(Work instructions):
Make an exact copy of the records, with the pictures left out.

(Provided data):
_ _ _ _ _
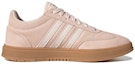 Order (Women) adidas neo Gradas - Pink FW7209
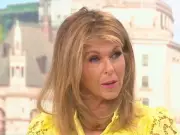 Kate Garraway 'utterly sickened' by Libby Squire interview on GMB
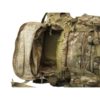 Классический военный рюкзак (мультикам) 60 л 4198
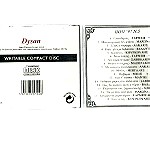  CD - ΠΟΠ '97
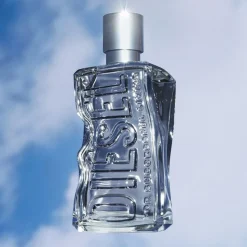 D Eau De Toilette, 30 ml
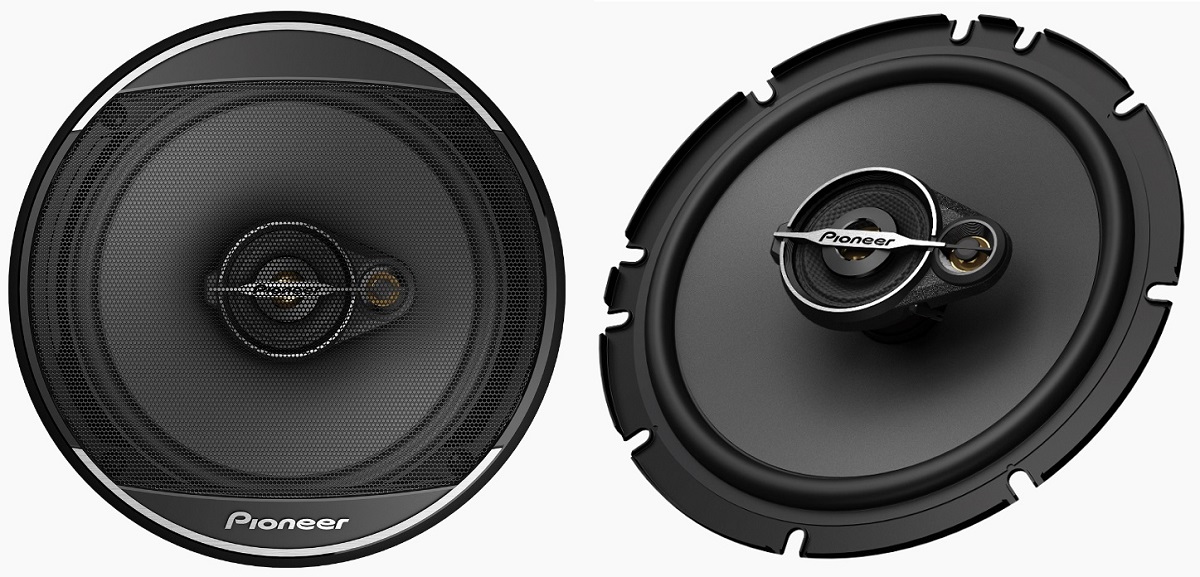 kypit_avtoakustika-pioneer-ts-a1678s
_ _ _ _ _
(Worked solution):
 Order (Women) adidas neo Gradas - Pink FW7209
 Kate Garraway 'utterly sickened' by Libby Squire interview on GMB
 Классический военный рюкзак (мультикам) 60 л 4198
  CD - ΠΟΠ '97
 D Eau De Toilette, 30 ml
 kypit_avtoakustika-pioneer-ts-a1678s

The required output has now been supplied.